本書は業績を上げるリーダーの手法として状況対応型リーダーシップを提示しています。それは、指示型、コーチ型、援助型、委任型を、メンバーの成熟段階によって変えるものです。メンバーのその仕事への適正能力が低いうちは、指示型から始めます。そこからコーチ型、援助型を経て委任型へと移行していくやり方です。

印象に残ったことを二つ書きます。

一つは、人の成熟段階によって変えるというより、その人の能力とタスク・目標との関係によって使い分けるということです。
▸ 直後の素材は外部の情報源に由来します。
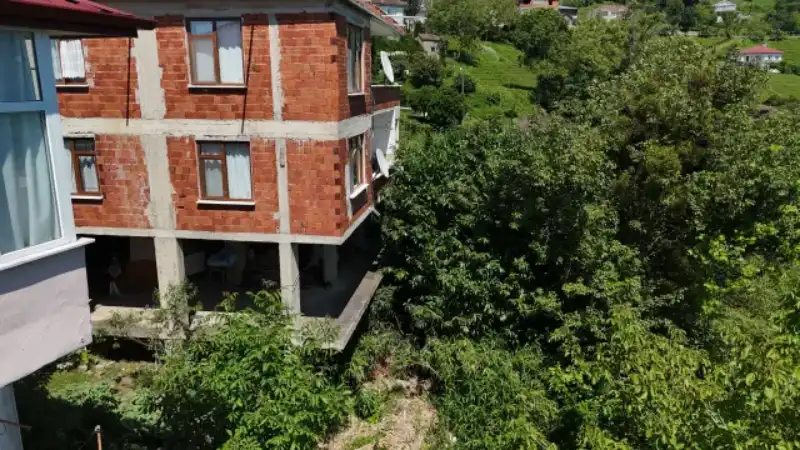 Derepazarı'nda Tarihi Kamışlar Artık Tehlike Saçıyor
同じ人でも仕事の種類と成熟度が違えば、4つのリーダシップスタイルを使い分ける必要があるのは、見落としがちな点です。例えば、営業成績が優れた営業兼講師のメンバーがいたとします。営業成績が優れているのでつい委任型にしそうなのですが、研修講師として経験が乏しければ、その部分は指示型で導いていくことが効果的です。

もう一つは、目標設定と「取決め」が大切であることです。

経験が乏しいメンバーに対して、いきなり指示型のマネジメントをすると、管理が厳しいと思われる。一方、経験豊富なメンバーに、何も言わず委任型をすると、放置されていると思われる。私もそのような経験があります。「なぜそのように行動をしているか」を告げないと、間違って受け取られるのです。

よって円滑にメンバーを導くには、目標設定と、その際にどのようなスタイルをとるか、しっかりと伝える(=取決め)、共に歩むことが重要と感じます。

ちなみに状況対応型リーダーシップとしていますが、本書が伝えているのは日常のコミュニケーションの仕方であるため、状況対応型マネジメントの方が、私にはしっくりきます。